Proofread: Proofread your paper for the following errors:

  • Spelling
  • Slang
  • Contractions (for example, it's--instead, use "it is")
  • The pronouns "I" and "me": Do not write in the first person.
  • Sources of information not cited in the text. For example, if you use information from another source, cite it directly after in the text. For example: Firmitas, utilitas, and venustas are the three criteria by which architecture should be assessed, according to Vitruvius. (Barnet 112)

RUBRIC

Level 4: Accomplished

Thesis: Demonstrates clear thesis statements which assert a unified focus.

Organization: Demonstrates consistent use of transitions and sense of logical essay structures. Main points are found in topic sentences and are related to thesis.

Content/Evidence: Contains sufficient evidence in support of points. If used, sources are applicable.

Essay Length: Meets prescriptive page lengths.

Language/Grammar/Syntax: Demonstrates consistent correct modes of expression; few or no errors.

Use of Citations: If used, sources are paraphrased and properly cited.

Level 3: Competent

Thesis: Demonstrates clear thesis statements which assert a unified focus.
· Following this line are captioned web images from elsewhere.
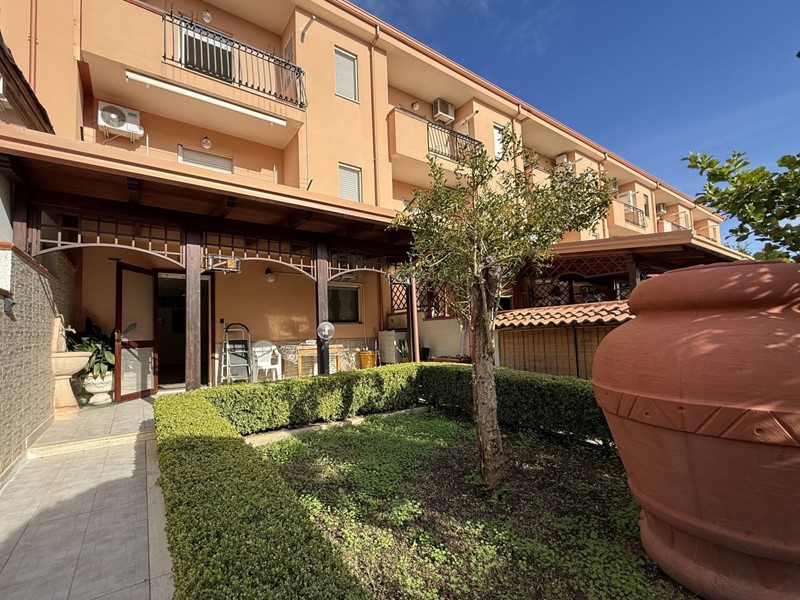 Villetta a schiera in Vendita a Catanzaro, 330'000&euro;, 240 m²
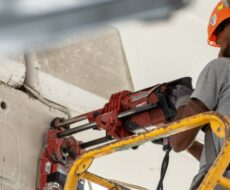 operaio della squadra operativa al lavoro su una piattaforma elevatrice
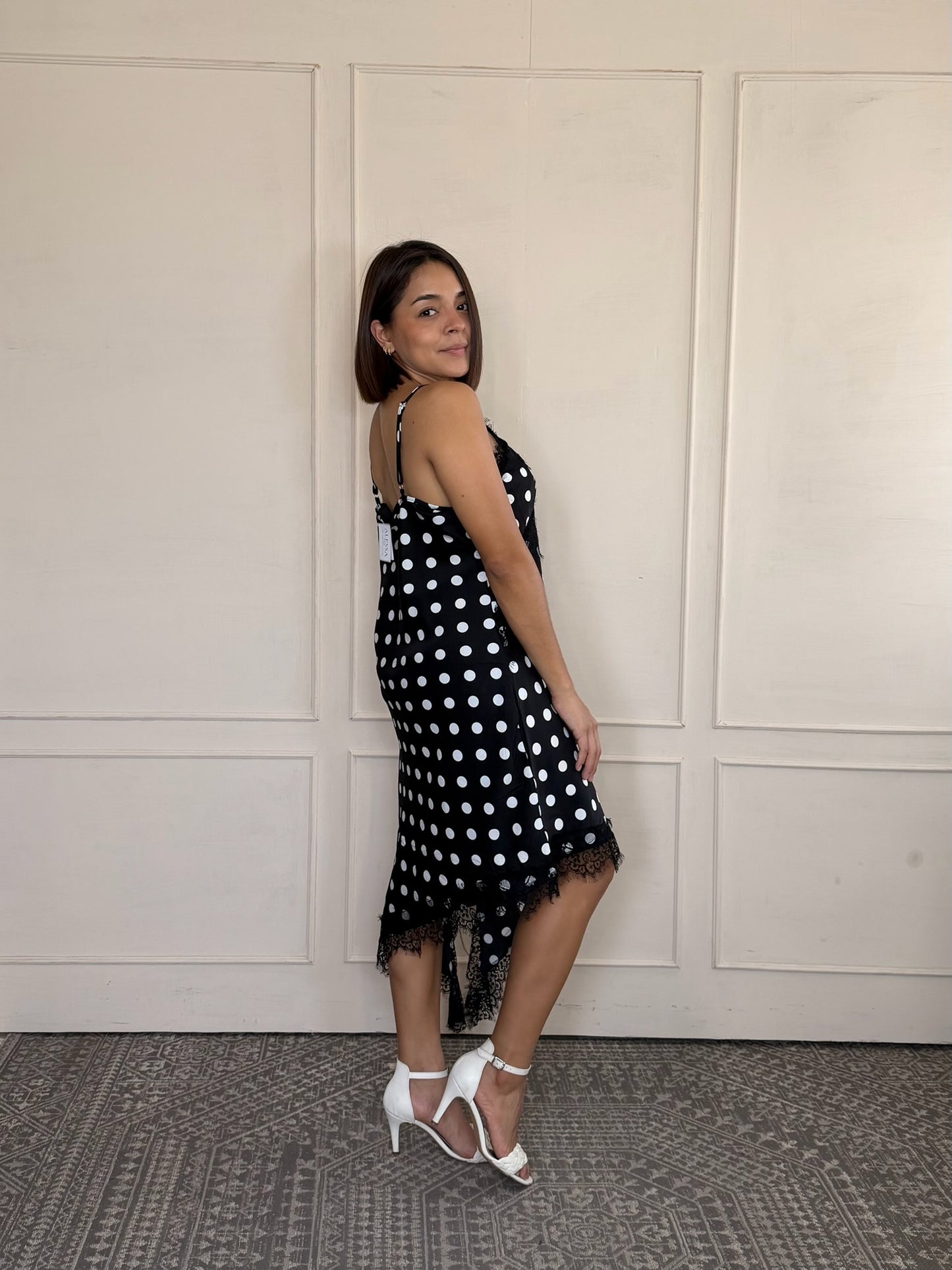 Vestido encaje polka dots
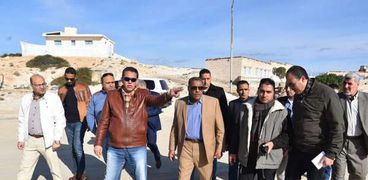 اللواء خالد شعيب محافظ مطروح خلال جولة تفقدية بمنطقة شاطىء روميل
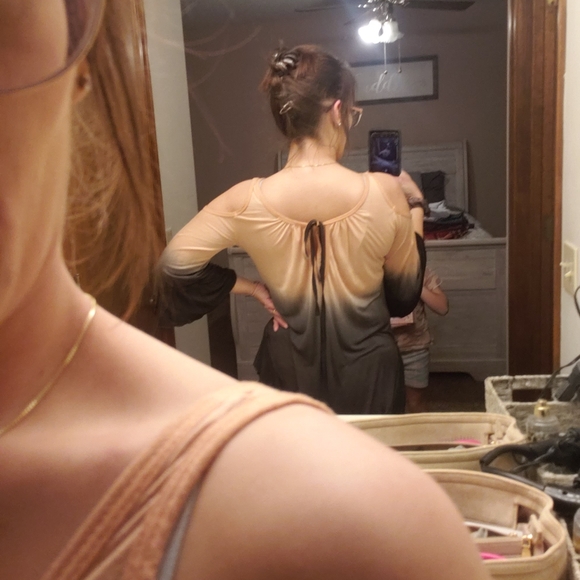 T☆Party cold shoulder blouse, size medium - Picture 7 of 7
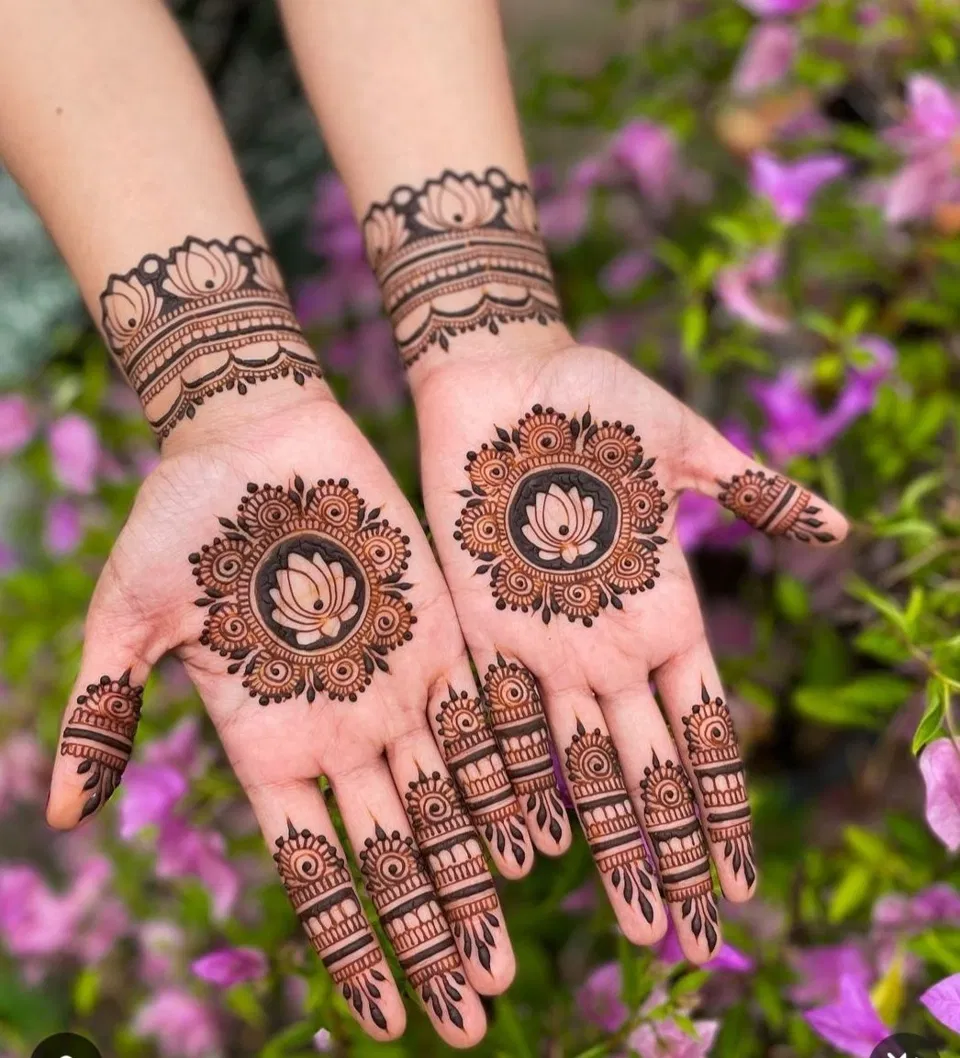 Aesthetic Arabic Front Hand Mehndi Design with Gol Tikki, Flowers and Lotus for Engagement (2)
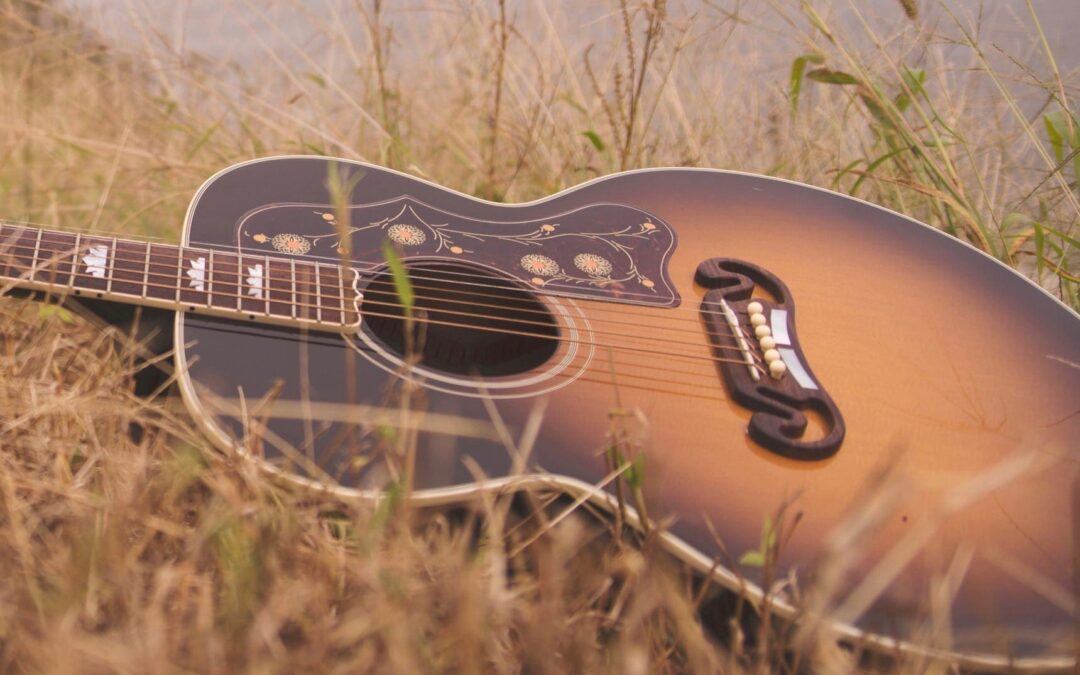View More: http://midwesternlace.pass.us/guitar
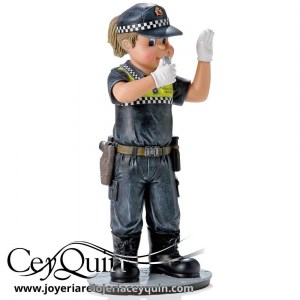 figura-nadal-dirigiendo-el-trafico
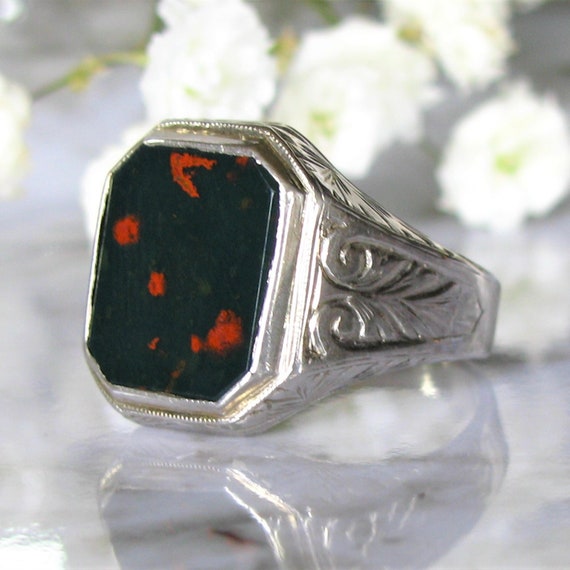 Vintage Bloodstone Ring 14K White Gold Etched Ring Art Deco Unisex Signet Ring Men s Pinky Ring Vintage Chalcedony Ring Etsy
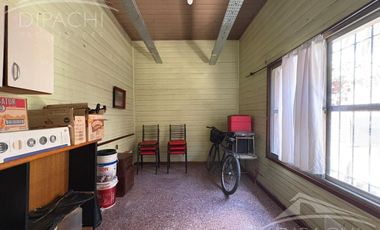 Complejo al frente con cochera y seis unidades habitacionales – Ideal inversión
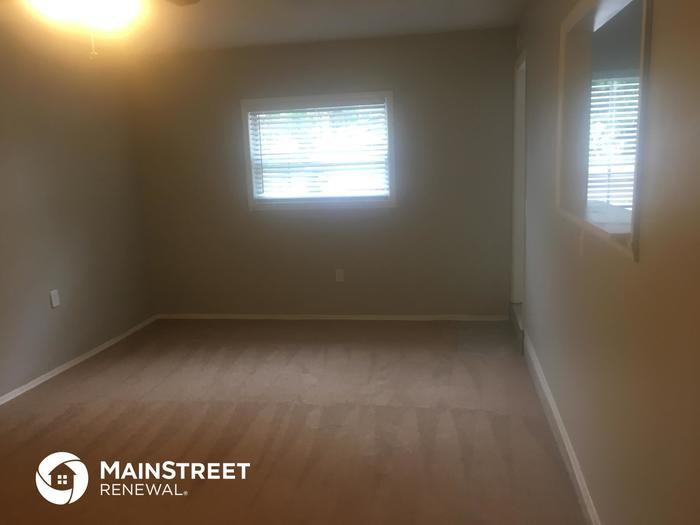 1506 W 18th St - Photo 3 of 15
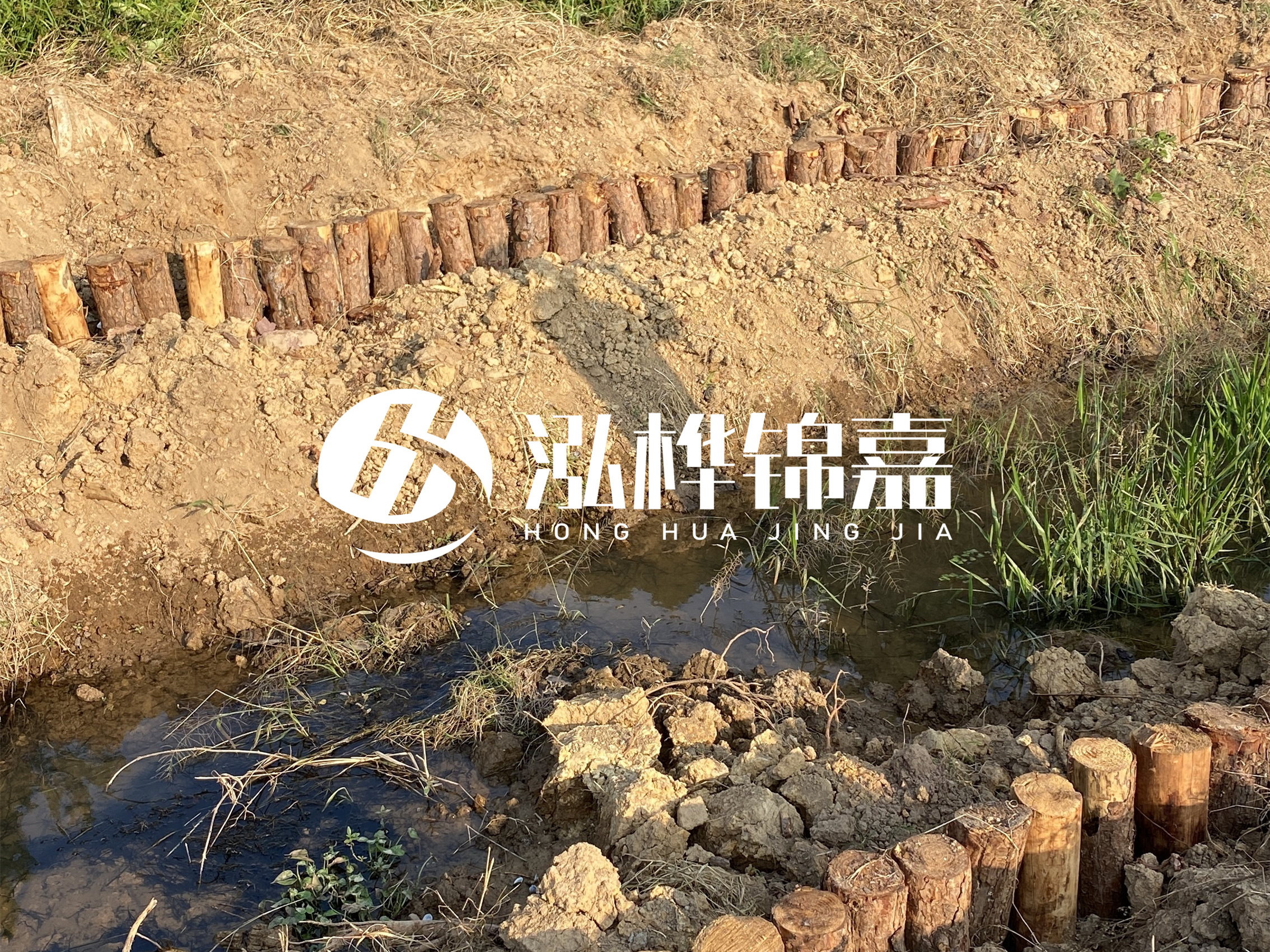 防汛木樁價格中的施工費(fèi)如何計算？水下打樁和陸地打樁費(fèi)用差異？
There may be some awkward or mechanical sentence structure.

Organization: Demonstrates somewhat consistent use of transitions and sense of logical essay structures. Most topic sentences are related to thesis.

Content/Evidence: Contains sufficient evidence in support of points. If used, sources are applicable.

Essay Length: Meets prescriptive page length.

Language/Grammar/Syntax: Demonstrates consistent correct modes of expression; some vague or awkward phrases, but these do not inhibit meaning or readability. Contains writing that follows rules of standard written English; some errors, but not distracting.

Use of Citations: If used, sources are paraphrased and properly cited.

Level 2: Developing

Thesis: Starts to demonstrate understanding of thesis statements; statements are sometimes statements of facts, not arguments.

Organization: Uses a few logically organized well-structured arguments. Some topic sentences and main points relate to the thesis.

Content/Evidence: Some points are supported by evidence. If used, sources are applicable.

Essay Length: Almost meets prescriptive page length.

Language/Grammar/Syntax: Some errors in word choice, grammar, and/or sentence boundary errors.

Use of Citations: If used, sources are paraphrased and cited.

Level 1: Beginning

Thesis: Fails to demonstrate a consistent understanding of thesis statements; statements are often statements of facts, not arguments.

Organization: Fails to demonstrate logically organized well-structured arguments. Topic sentences and main points do not relate to the thesis.

Content/Evidence: Consistently fails to use sources to support points. Consistently fails to use detailed, applicable evidence to support main points.

Essay Length: Fails to meets prescriptive page length.

Language/Grammar/Syntax: Extremely difficult to read and understand. Word choice is inappropriate or incorrect. Contains numerous and distracting grammar and sentence boundary errors. Meaning is inhibited by errors in grammar.

Use of Citations: Uses sources, but fails to paraphrase and cite.